Maybe a Movie One Day!

Maybe a Movie One Day!

Okay, here’s the truth: Few novels that get optioned by a producer or film company are actually ever turned into movies or TV series. And of those that are? Most fall into the science fiction or fantasy categories. (Happily, cop stories remain hot, too.)

But let’s back it up. What does it actually even mean to have your book optioned? Well, it means you’ve caught the eye of a production company that sees film potential in what you’ve written—something that can convert into a movie that will leave movie goers richly satisfied. When an option is made, the author gets some money (widely variable, but typically not huge) to sell the rights for a period of time, during which the company that optioned your novel will try to attract the attention of movie studio producers who spend millions to turn that book into a film. The production company might be a huge conglomerate such as Columbia, Paramount, MGM and the like. It might also be an independent. Misty Mountain Productions, the company that optioned my In the Spirit of Murder, is an independent that also does audio work and more.

Now, in most cases it helps a whole lot to have already prepared a movie script from your own book and submitted that to attract that option. Just tossing your novel at a producer (or possibly an agent or even entertainment lawyer first) rarely cuts it. Production companies want scripts, which in a lot of cases is almost like writing a whole new book. That’s because novels and movies are very different beasts. A script requires a seamless blend of action with solid, believable dialogue. They don’t run nearly as long as a novel. You might have to chop scenes, combine scenes, let go of a lot of description and . . . well, the list goes on.

A script also requires very specific and complex formatting. Final Cut is the gold standard, but there are plenty of programs out there that can do the same job for a lot less, and then be converted to Final Cut if required. (For my own novels, which were published in ebook and paperback editions through my publisher, The Fiction Works, I use Montage by Mariner Software. It works brilliantly.)

But beyond formatting for a script version, if you’re lucky enough to see an actual movie come from your efforts, almost certainly the script will be rewritten by someone else or a team of other people—not just once, but several times. The process can be exhilarating, but it takes a long time and it’s a good idea not to get excited about who the cast in your movie might be. That’s a decision that rarely includes the author, and probably for good reason. After all, production companies aren’t writing novels; most in the industry wouldn’t know how. And you? An author? Why would you even begin to imagine that you can just turn into a producer or even remotely know how much making a movie actually costs? This is pretty much the time to get over yourself and hope that you still recognize your story when it’s converted to a movie.

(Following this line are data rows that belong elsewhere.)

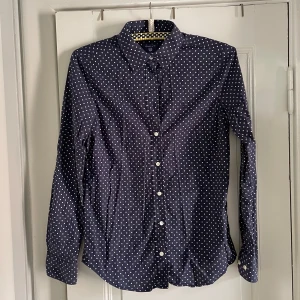 Mörkblå prickig skjorta från Gant - Snygg mörkblå skjorta från Gant med vita prickar och klassisk krage. Den är i fint skick, storlek 36 och något figursydd. Skjortan har långa ärmar, knappar framtill och broderad Gant-logga på bröstet. Tillverkad i mjuk bomull som känns skön mot huden. Perfekt för dig som gillar stilrena mönster och klassisk look💙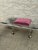 Vintage 1970s vanity stool with a clear lucite frame, brass accents, and pink velvet upholstery. Simple curved legs with...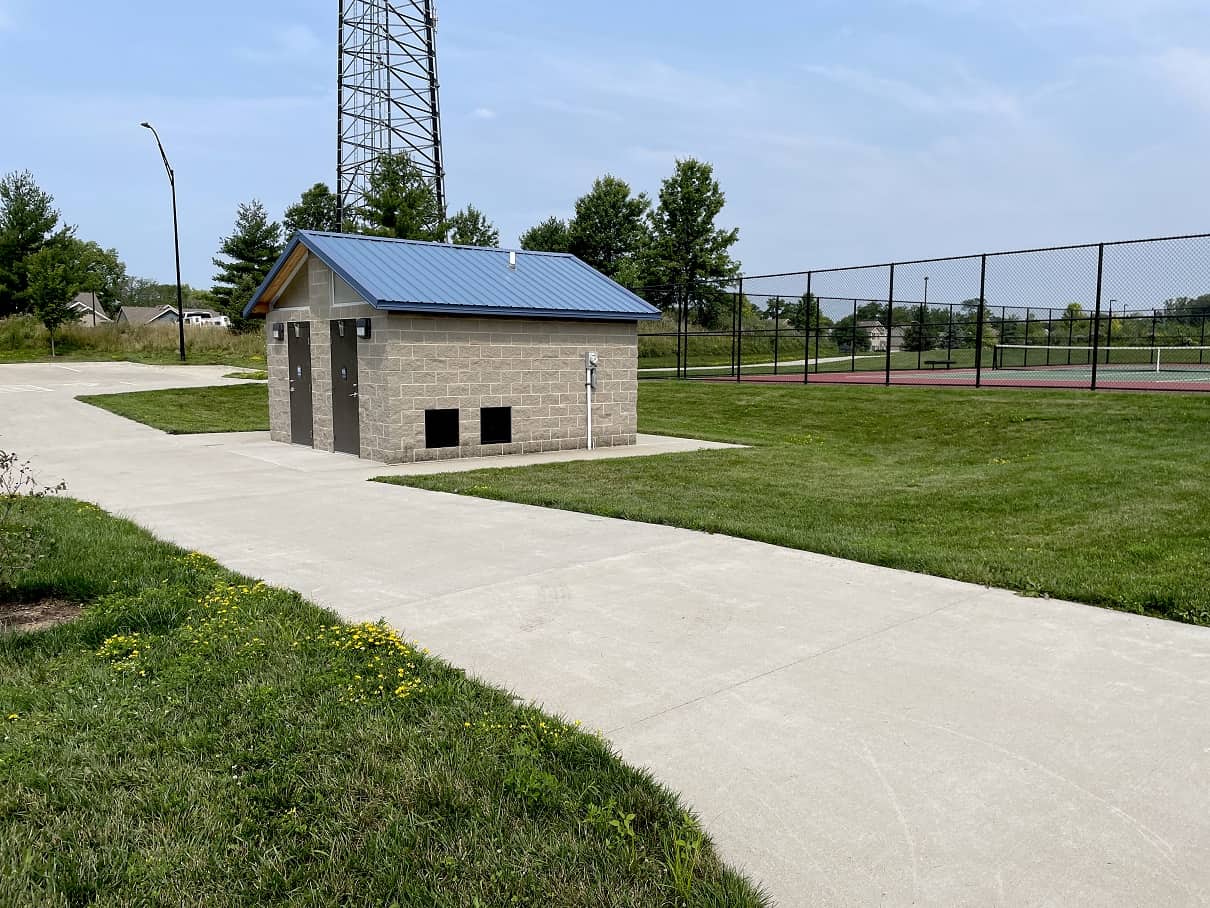 restroom building with blue steel roofing and cement block structure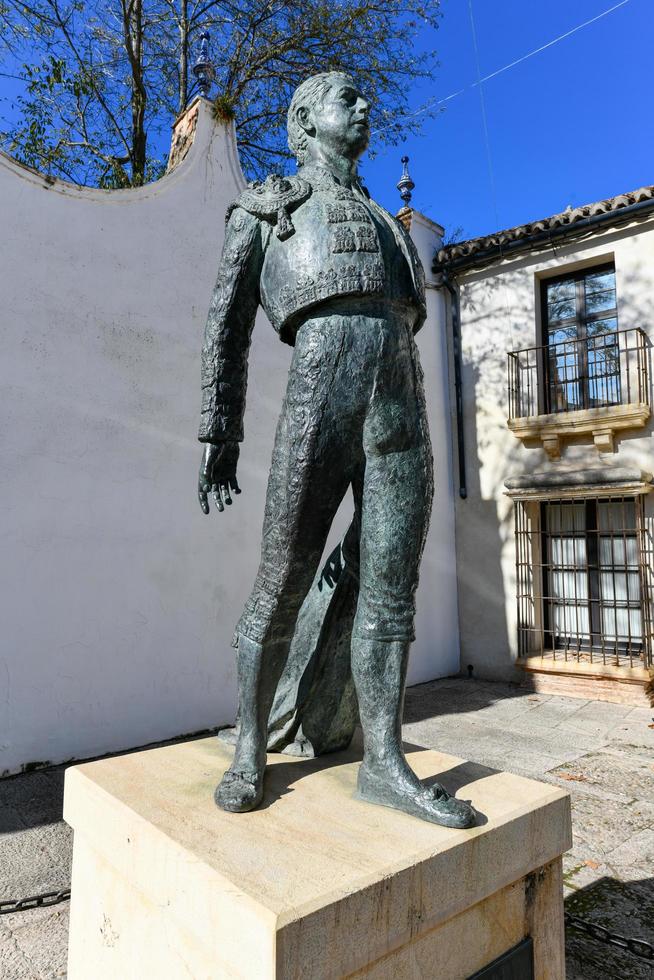 Ronda, Andalusia, Spain - Dec 1 2021, Outdoor statue of bullfighter Antonio Ordonez in front of the bullfighting arena photo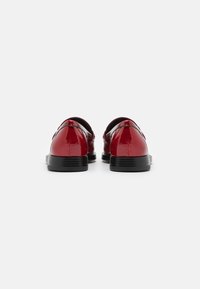 Sapatos de couro vermelho brilhante, com bico arredondado, salto preto baixo e textura lisa, apresentando um design simplista sem adornos.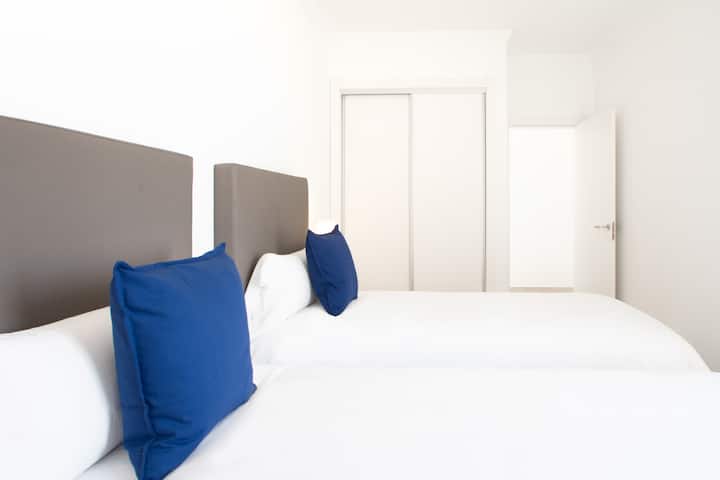 Dormitorio con camas individuales, armario, aire acondicionado.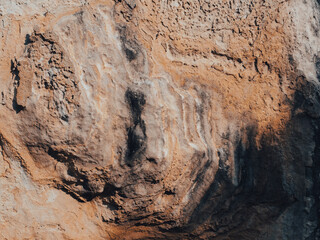 Brown cave wall stone texture for nature background.
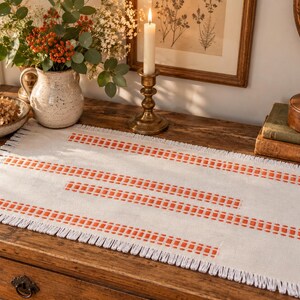 Pode incluir: Um caminho de mesa retangular em tom branco sujo com três filas horizontais de padrões costurados em laranja. O caminho de mesa possui uma borda com franjas nos quatro lados, com as franjas estendendo-se a partir do tecido.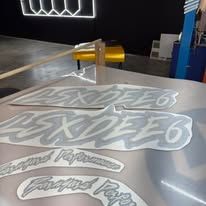 Vinyl decals on a silver surface in a workshop, with a yellow cutting tool and blue machine in the background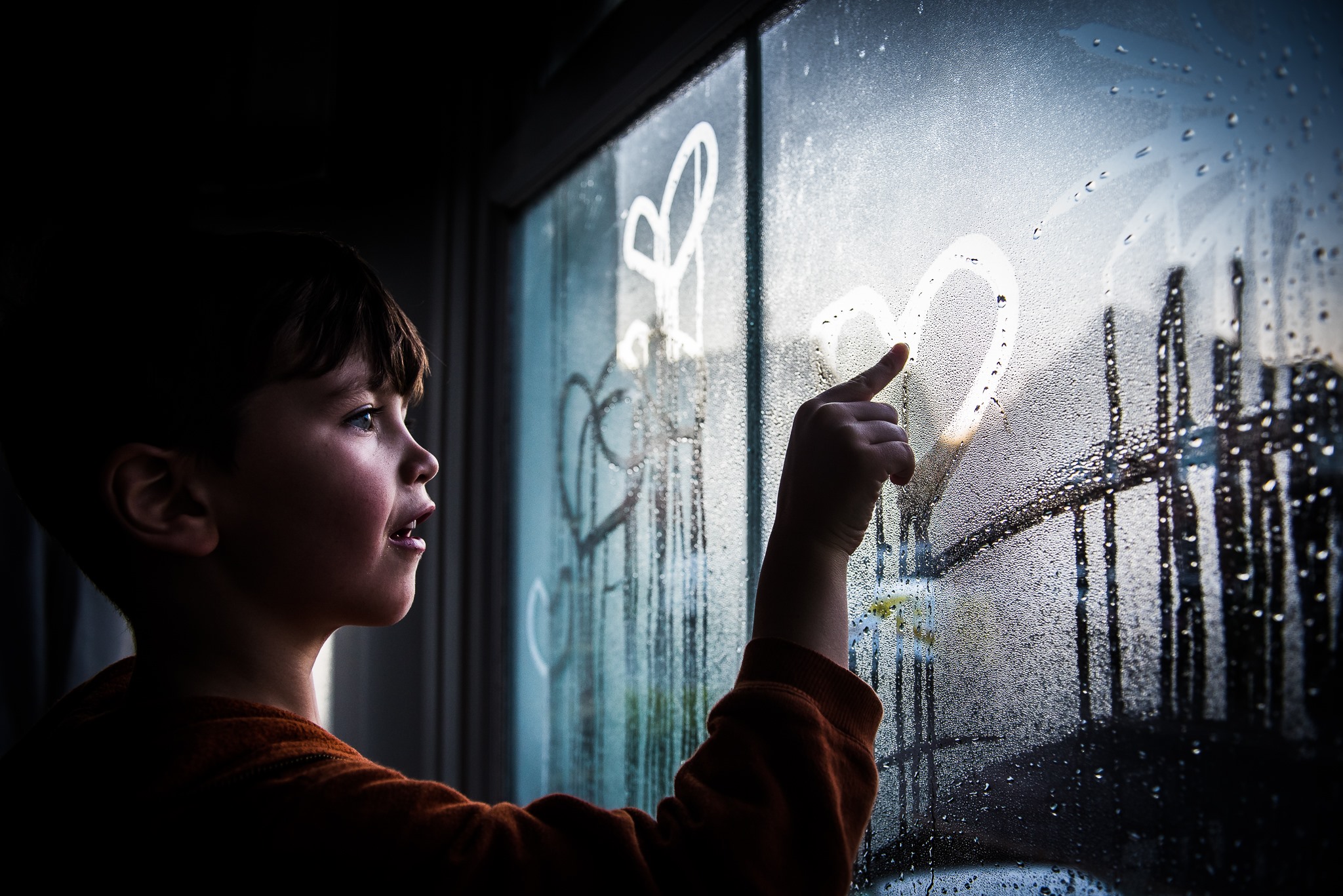 A kid drawing a heart shape in the condensation of a window pane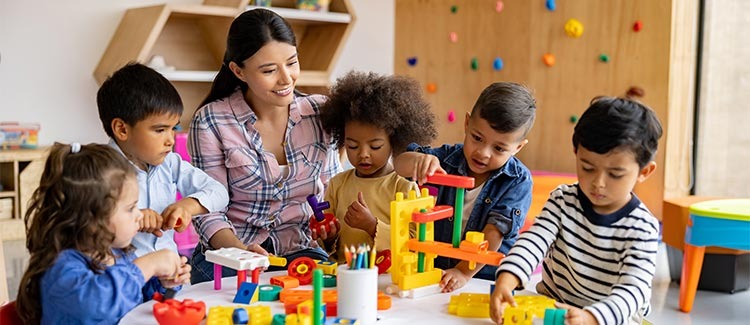 a woman and children playing with blocks and toys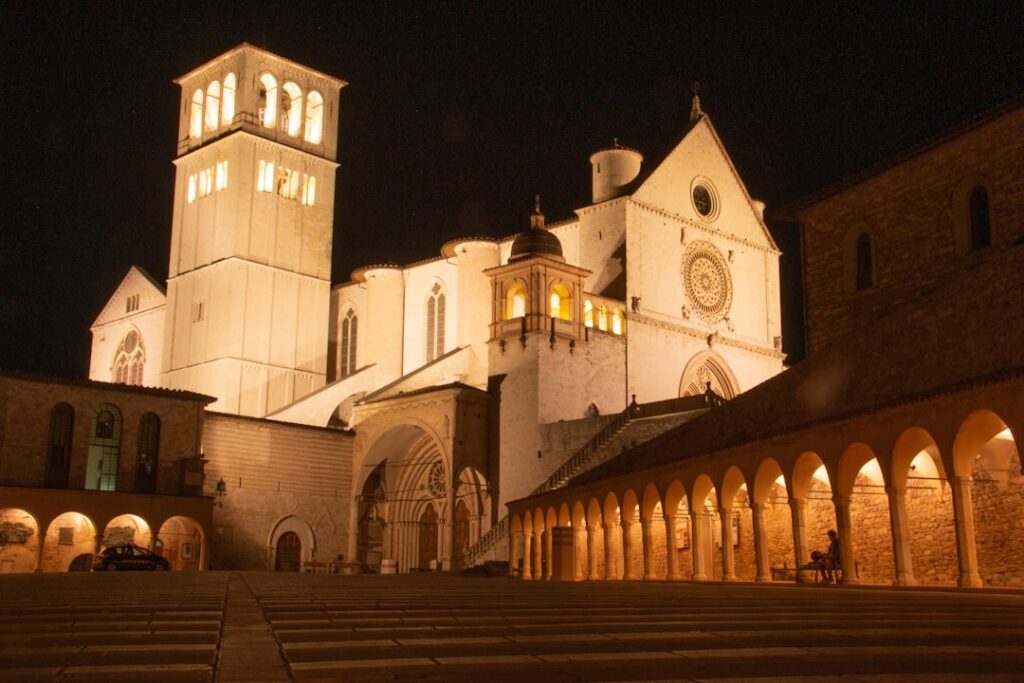 Illuminated Basilica of Saint Francis and cloister arches in Assisi at night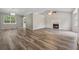 Open concept living room with vaulted ceilings, a fireplace, and wood-look flooring at 4200 Sterling Pointe Dr, Douglasville, GA 30135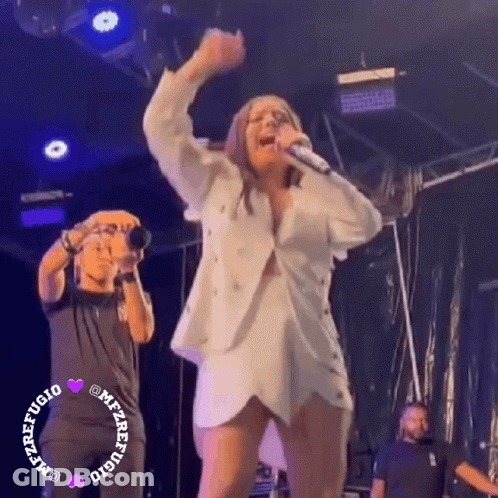 A Woman Is Singing Into A Microphone On Stage While A Man Takes A Picture Of Her . GIF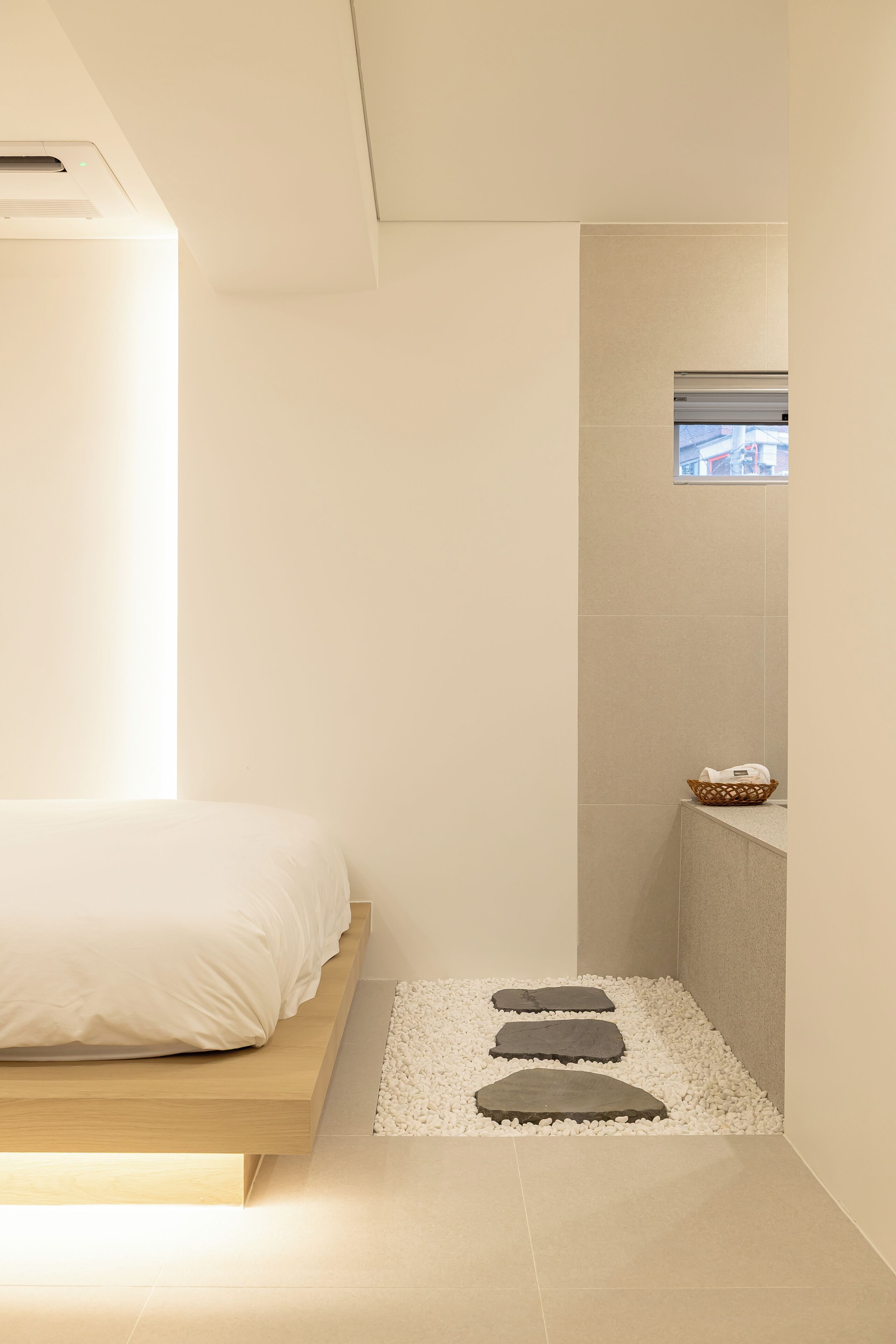Een moderne badkamer met een bed, een klein raam en een pad van steen dat naar een wastafel leidt.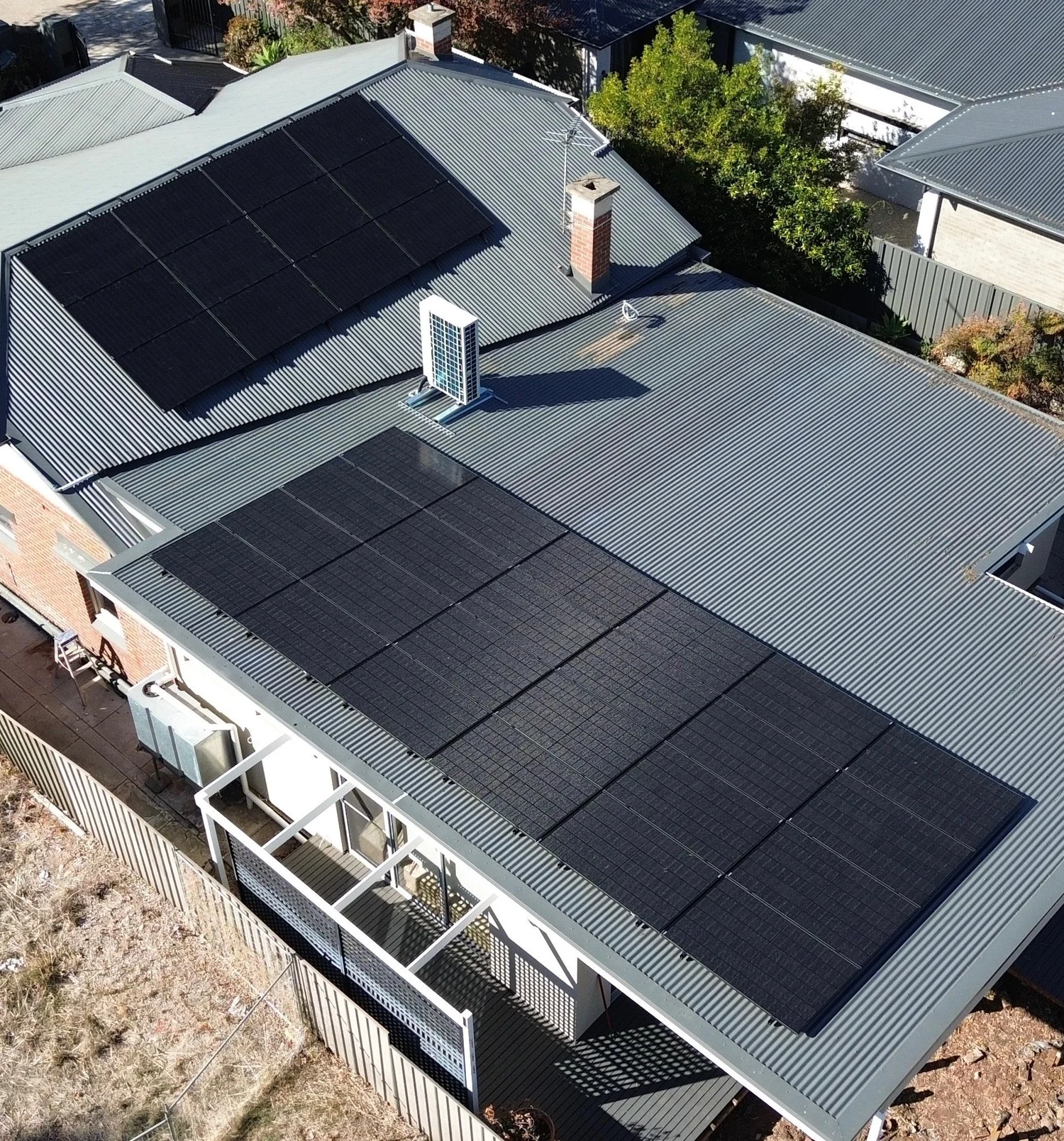 Aerial view of rooftop solar panels installed on a residential home by Connect Electrical & Solar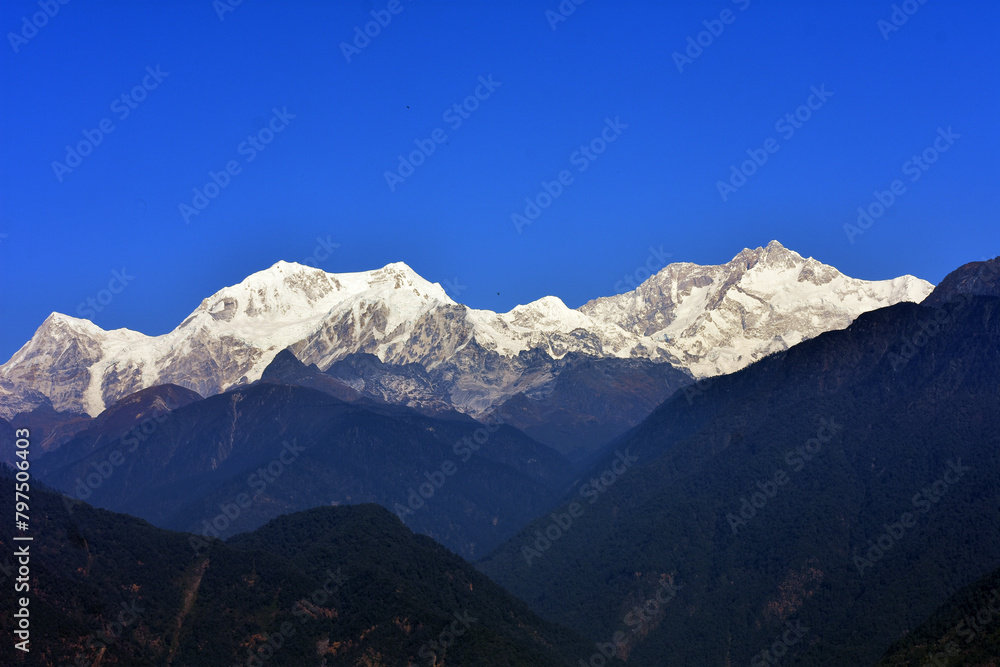 Majestic snow-capped mountain range under a clear blue sky, with forested foothills in the foreground. Mt. Kangchenjunga and its ranges from Sikkim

And by the way? Most movies are NOT based on novels. Most are written from beginning to end as original scripts, often by a team of writers, because a Hollywood team already knows what’s most likely to work on the silver screen.

Still, authors are known to be dreamers, and even getting an option is worth a leap into the air. And if you don’t break your leg making that leap, you might even burn a few calories. So see? There really aren’t any downsides to trying for an option. (Well, there IS the time factor, but that’s for another blog item.)